== RECORDS SHOWN ==
****

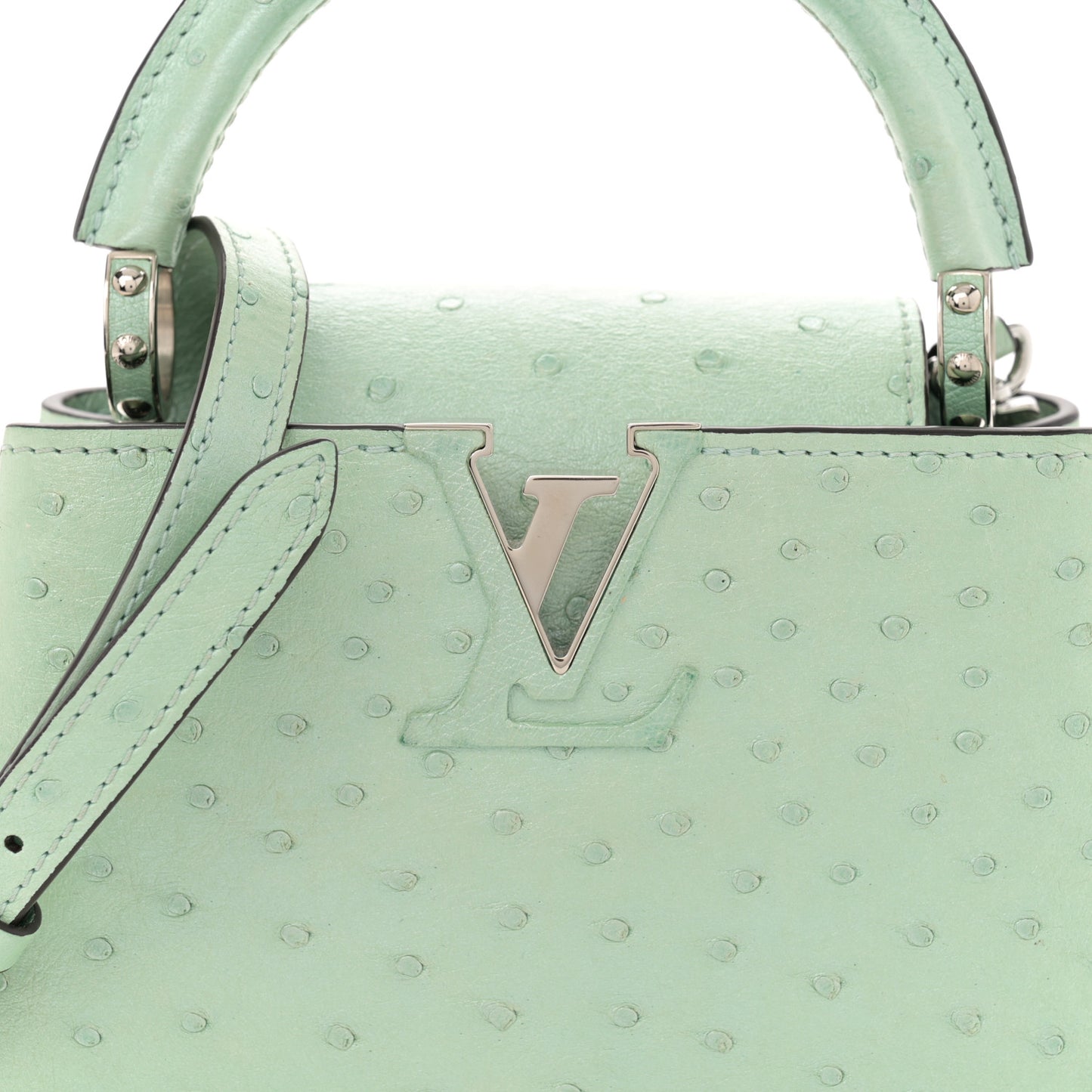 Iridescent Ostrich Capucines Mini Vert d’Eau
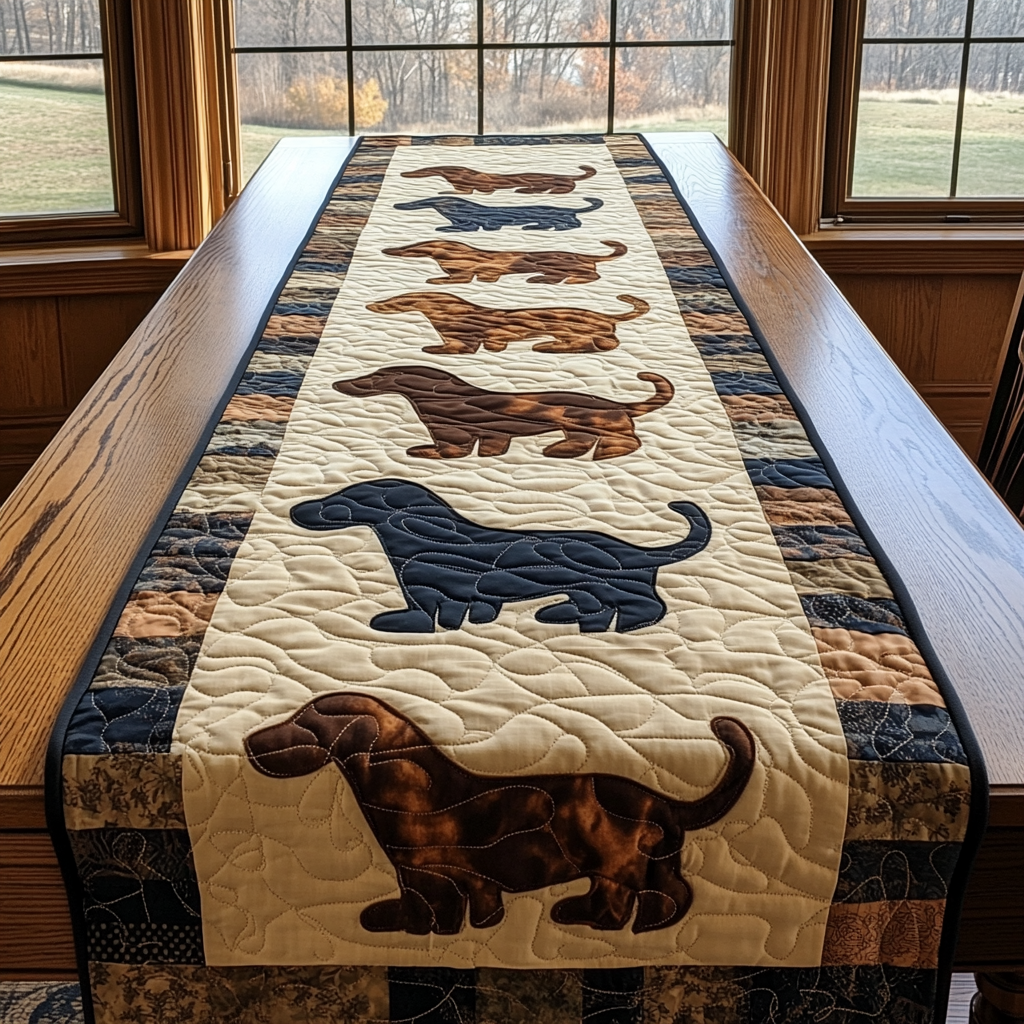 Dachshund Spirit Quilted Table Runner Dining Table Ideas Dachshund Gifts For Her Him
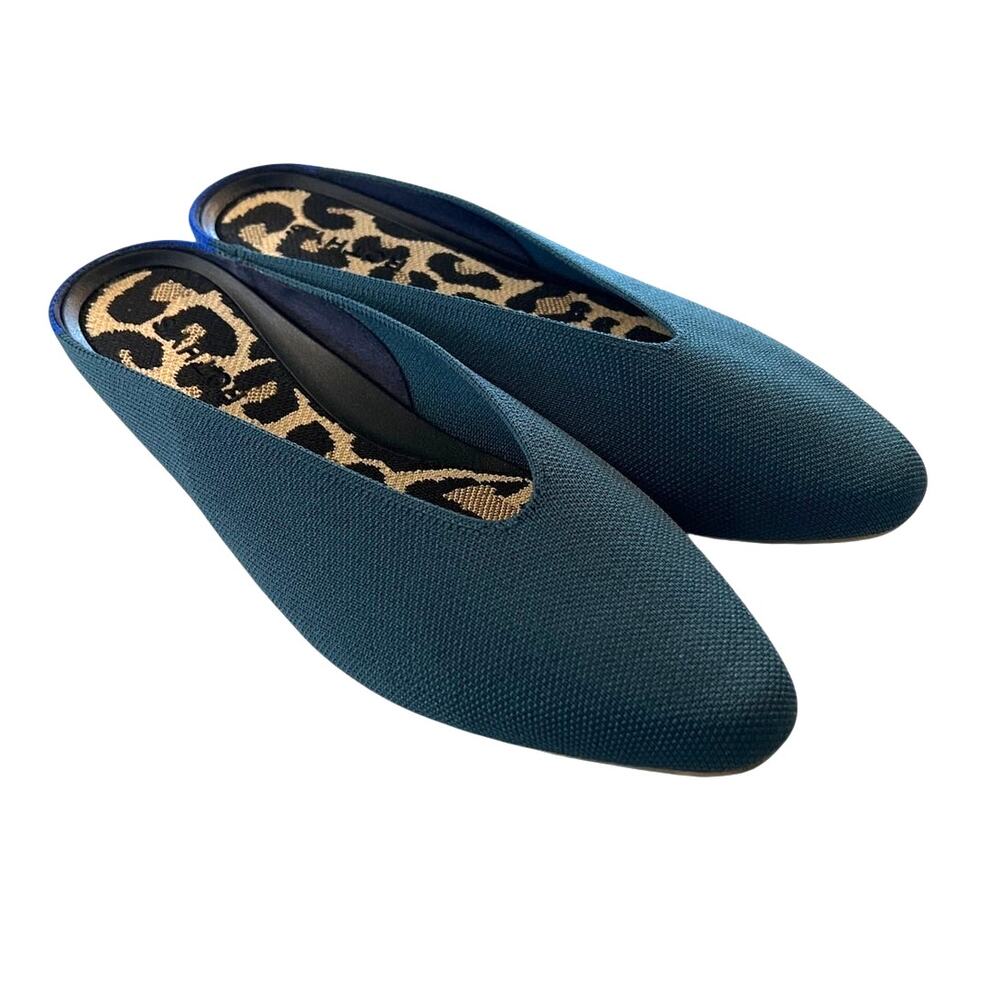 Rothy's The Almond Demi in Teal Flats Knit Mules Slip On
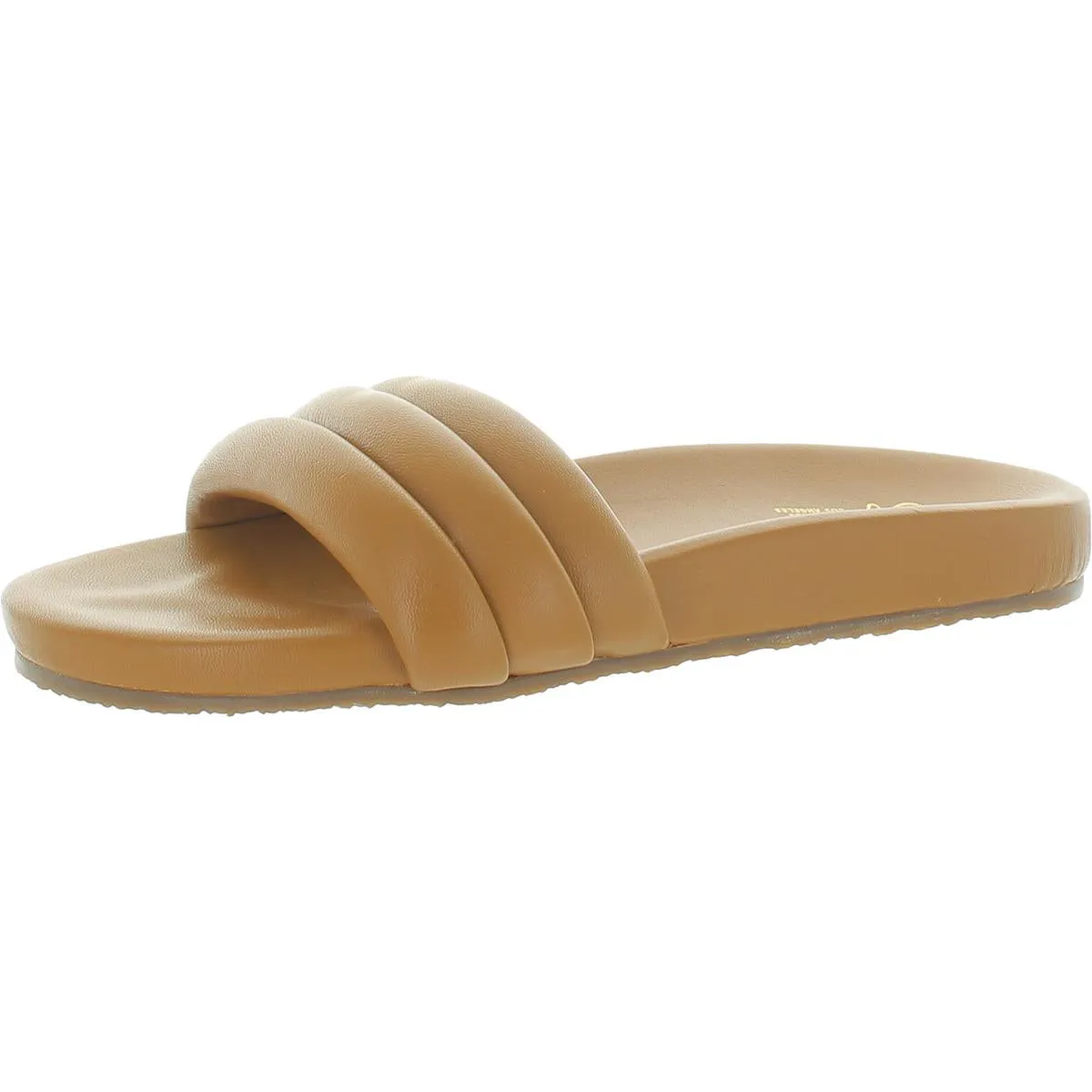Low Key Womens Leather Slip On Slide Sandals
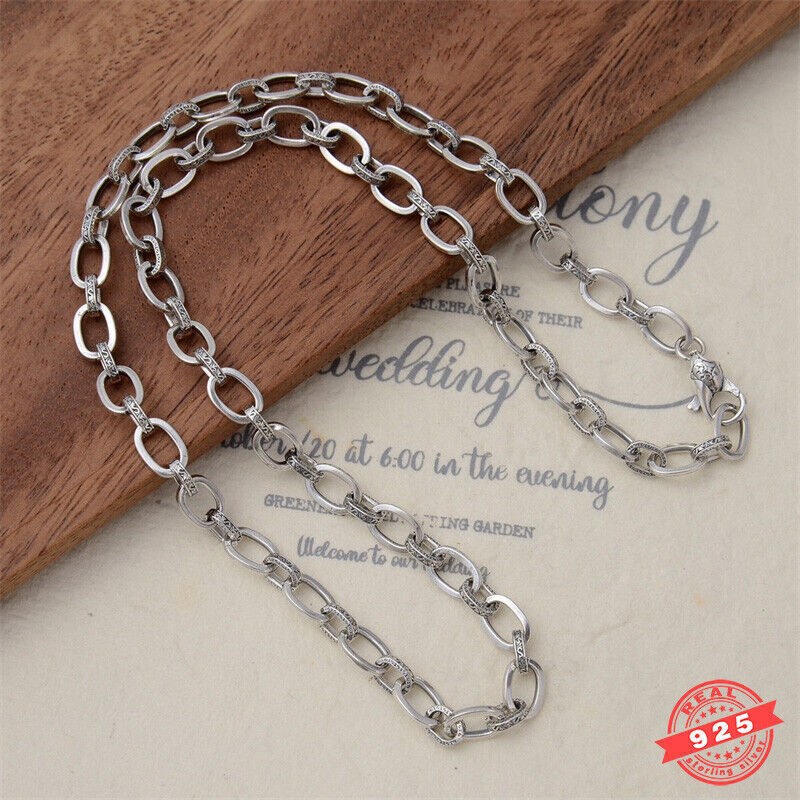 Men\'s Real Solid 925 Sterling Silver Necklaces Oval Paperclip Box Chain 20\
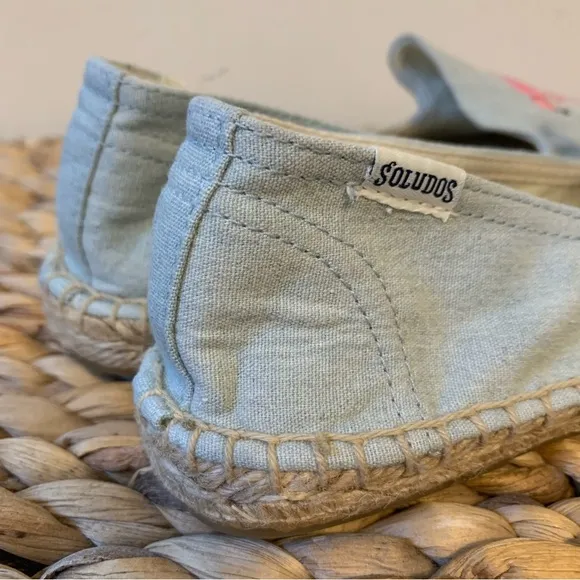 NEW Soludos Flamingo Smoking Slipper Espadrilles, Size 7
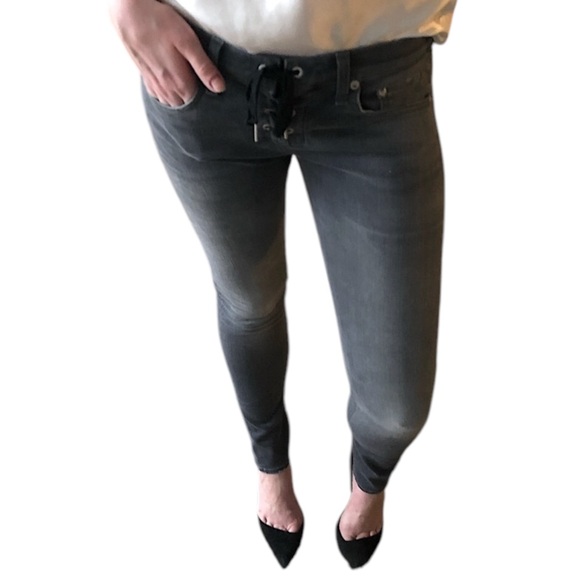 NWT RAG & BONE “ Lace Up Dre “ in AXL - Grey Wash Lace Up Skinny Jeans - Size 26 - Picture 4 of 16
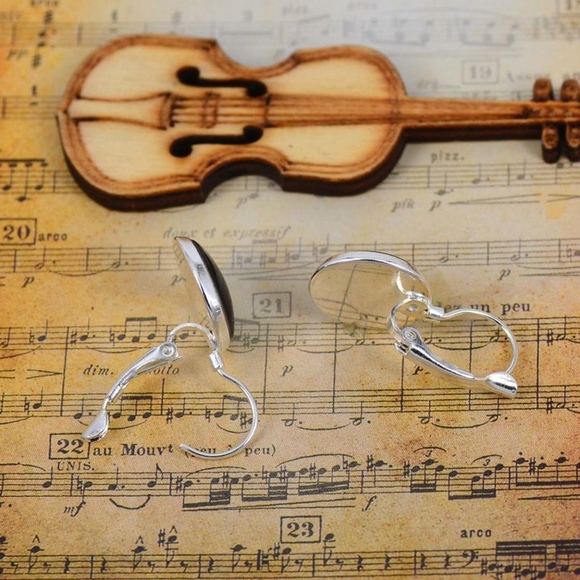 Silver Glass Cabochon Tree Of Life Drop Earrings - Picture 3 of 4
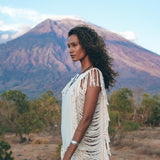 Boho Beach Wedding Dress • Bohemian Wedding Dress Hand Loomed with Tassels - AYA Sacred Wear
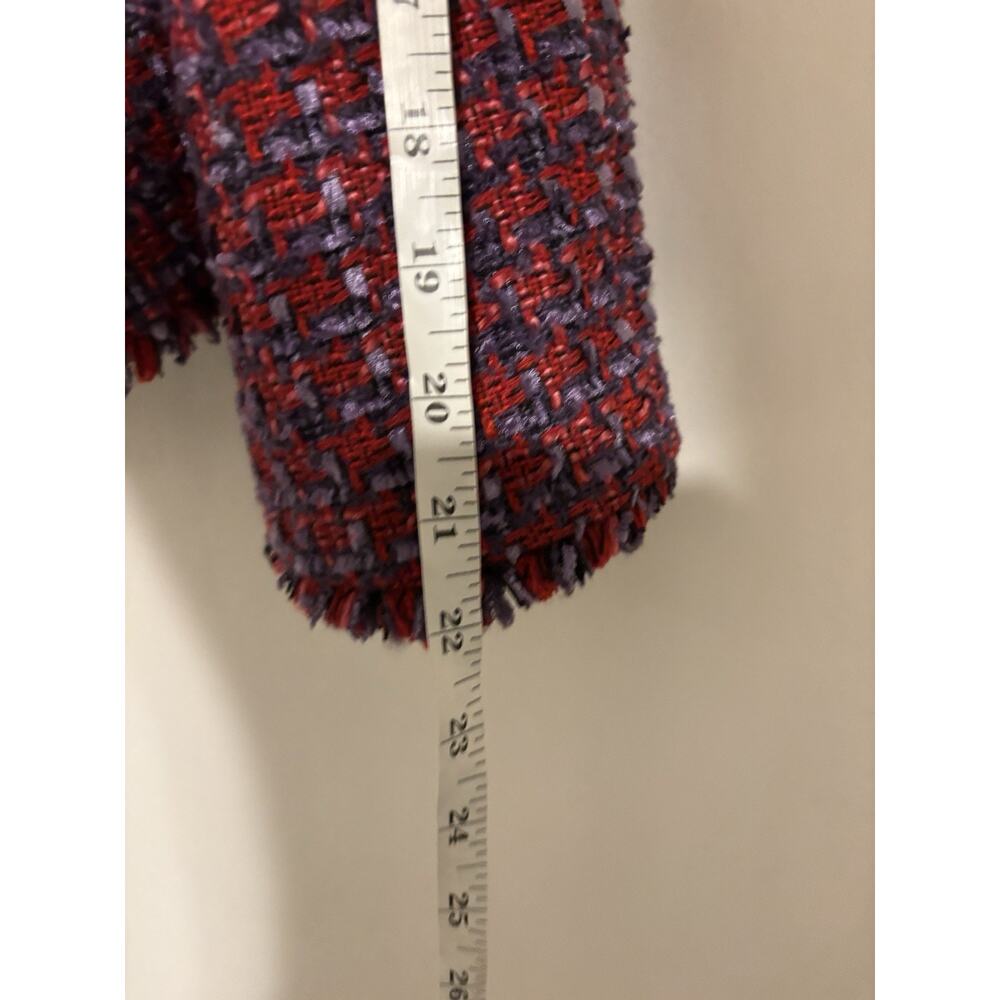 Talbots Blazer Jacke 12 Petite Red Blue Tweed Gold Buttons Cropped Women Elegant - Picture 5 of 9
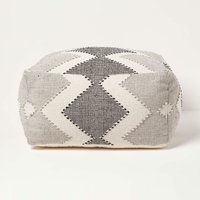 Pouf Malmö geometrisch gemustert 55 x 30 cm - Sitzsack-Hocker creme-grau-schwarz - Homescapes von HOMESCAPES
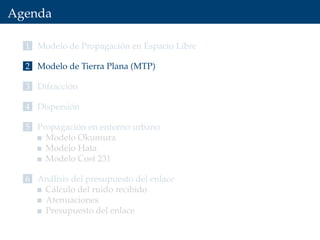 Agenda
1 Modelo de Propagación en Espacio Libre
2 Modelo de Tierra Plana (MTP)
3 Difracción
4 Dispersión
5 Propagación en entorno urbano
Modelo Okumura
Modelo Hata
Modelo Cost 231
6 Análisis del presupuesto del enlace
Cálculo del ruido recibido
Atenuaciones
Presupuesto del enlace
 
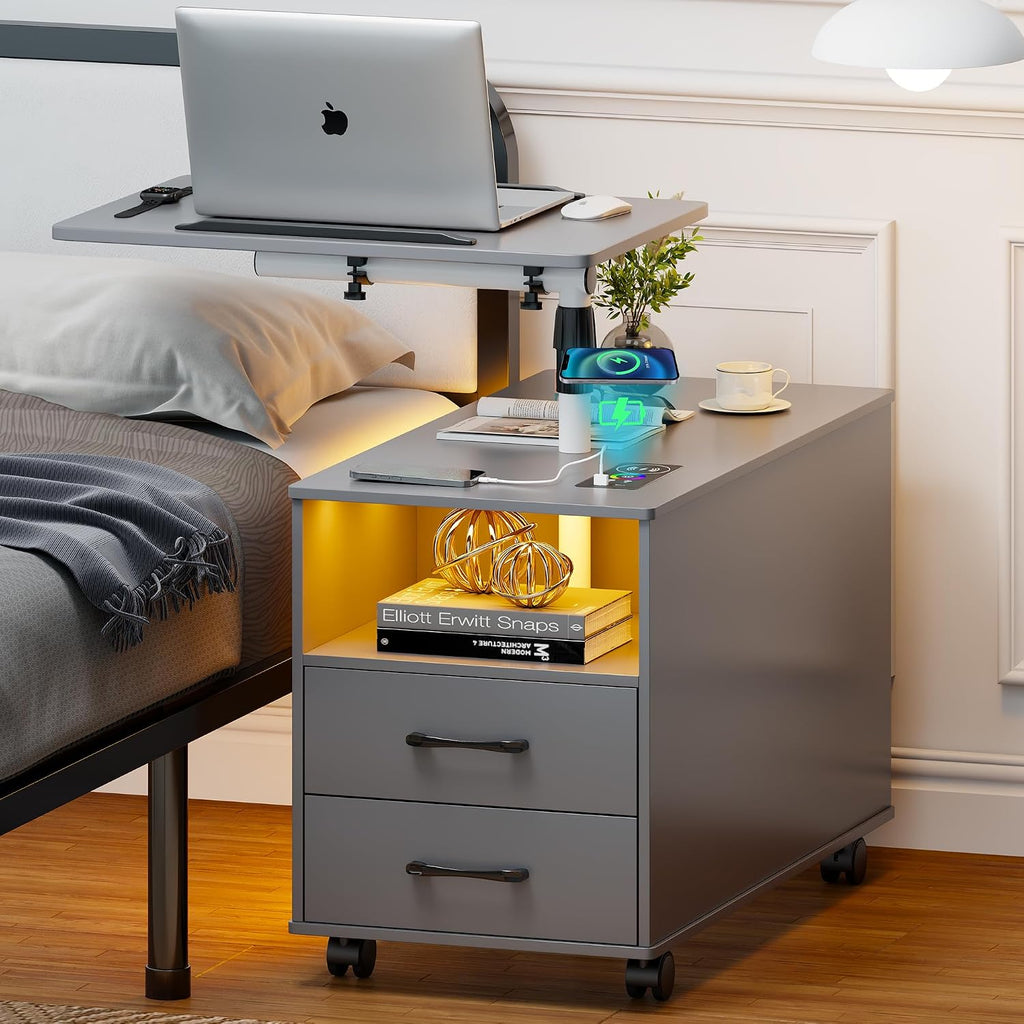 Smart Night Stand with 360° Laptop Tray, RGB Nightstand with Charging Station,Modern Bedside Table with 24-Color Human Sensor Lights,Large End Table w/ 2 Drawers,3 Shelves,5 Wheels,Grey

****

== EXERCISE DETAILS ==
Extract only the lines from the line containing "6 Análisis del presupuesto del enlace" through the final line of the listing above, unchanged; pictures stay out of the copy.

== RESULT FOR THIS TASK ==
6 Análisis del presupuesto del enlace
Cálculo del ruido recibido
Atenuaciones
Presupuesto del enlace
 
 Smart Night Stand with 360° Laptop Tray, RGB Nightstand with Charging Station,Modern Bedside Table with 24-Color Human Sensor Lights,Large End Table w/ 2 Drawers,3 Shelves,5 Wheels,Grey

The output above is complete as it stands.